>>>
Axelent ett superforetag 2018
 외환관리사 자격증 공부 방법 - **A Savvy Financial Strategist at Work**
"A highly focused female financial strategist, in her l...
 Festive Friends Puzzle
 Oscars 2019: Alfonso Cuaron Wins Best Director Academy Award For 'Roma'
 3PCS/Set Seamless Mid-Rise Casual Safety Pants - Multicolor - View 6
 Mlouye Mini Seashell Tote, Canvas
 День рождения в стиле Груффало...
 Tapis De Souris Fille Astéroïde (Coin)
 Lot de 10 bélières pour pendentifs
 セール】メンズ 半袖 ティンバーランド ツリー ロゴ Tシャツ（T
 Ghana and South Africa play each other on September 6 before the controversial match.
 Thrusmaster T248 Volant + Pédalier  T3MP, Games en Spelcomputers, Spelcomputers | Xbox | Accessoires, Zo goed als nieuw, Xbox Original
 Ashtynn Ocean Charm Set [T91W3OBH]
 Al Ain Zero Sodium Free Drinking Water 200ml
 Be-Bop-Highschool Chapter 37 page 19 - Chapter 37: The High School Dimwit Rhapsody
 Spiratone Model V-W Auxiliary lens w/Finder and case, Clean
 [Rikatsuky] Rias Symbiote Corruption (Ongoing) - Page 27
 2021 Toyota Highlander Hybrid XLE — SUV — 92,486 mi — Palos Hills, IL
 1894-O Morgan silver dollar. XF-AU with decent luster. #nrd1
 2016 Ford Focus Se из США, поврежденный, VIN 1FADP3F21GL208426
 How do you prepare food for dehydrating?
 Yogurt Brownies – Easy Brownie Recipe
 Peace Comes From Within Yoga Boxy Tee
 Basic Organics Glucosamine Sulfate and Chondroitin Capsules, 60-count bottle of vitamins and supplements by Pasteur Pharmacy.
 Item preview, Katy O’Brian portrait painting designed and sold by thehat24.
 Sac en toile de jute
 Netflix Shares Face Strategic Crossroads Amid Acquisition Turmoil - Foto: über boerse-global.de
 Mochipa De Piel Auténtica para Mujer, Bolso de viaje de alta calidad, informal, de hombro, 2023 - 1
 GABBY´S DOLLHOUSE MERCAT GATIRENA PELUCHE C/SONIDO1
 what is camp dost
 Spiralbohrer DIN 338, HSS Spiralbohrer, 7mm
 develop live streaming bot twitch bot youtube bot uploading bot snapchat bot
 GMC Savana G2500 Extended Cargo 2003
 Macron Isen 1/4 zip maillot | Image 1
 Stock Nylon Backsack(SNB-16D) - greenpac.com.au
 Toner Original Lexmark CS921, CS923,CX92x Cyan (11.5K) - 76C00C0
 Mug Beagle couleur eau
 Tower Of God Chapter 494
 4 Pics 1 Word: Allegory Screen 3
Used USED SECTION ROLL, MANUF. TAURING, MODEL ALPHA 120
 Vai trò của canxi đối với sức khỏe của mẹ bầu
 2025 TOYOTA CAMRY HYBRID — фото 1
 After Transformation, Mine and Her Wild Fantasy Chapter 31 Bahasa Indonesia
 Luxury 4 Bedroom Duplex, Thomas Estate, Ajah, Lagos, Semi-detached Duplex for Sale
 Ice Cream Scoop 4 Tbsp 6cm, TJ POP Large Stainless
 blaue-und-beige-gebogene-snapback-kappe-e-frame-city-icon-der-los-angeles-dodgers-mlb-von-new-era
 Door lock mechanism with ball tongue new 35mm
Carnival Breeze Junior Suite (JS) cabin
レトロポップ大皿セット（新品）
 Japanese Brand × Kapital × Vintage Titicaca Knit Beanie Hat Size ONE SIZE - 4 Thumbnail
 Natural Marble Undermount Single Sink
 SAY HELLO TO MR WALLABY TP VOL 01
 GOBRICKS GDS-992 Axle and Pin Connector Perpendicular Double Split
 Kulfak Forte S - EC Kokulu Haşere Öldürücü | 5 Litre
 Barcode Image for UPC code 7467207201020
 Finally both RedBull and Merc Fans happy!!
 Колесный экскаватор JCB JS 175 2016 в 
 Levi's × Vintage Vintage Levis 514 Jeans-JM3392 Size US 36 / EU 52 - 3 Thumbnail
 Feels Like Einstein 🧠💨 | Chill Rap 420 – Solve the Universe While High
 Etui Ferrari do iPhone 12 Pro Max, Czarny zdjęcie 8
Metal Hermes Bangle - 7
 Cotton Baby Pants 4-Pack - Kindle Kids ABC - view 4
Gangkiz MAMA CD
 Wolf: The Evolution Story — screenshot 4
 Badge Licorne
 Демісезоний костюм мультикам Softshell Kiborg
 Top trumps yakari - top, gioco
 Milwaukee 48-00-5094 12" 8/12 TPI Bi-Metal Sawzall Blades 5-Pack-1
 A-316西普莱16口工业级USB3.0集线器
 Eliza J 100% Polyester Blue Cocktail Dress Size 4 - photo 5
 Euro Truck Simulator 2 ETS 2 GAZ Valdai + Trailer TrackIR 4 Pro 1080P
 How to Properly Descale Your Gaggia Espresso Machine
<<<
Action item: From the data above, pick out each line containing "Pack" and copy it.

Exercise answer:
 Cotton Baby Pants 4-Pack - Kindle Kids ABC - view 4
 Milwaukee 48-00-5094 12" 8/12 TPI Bi-Metal Sawzall Blades 5-Pack-1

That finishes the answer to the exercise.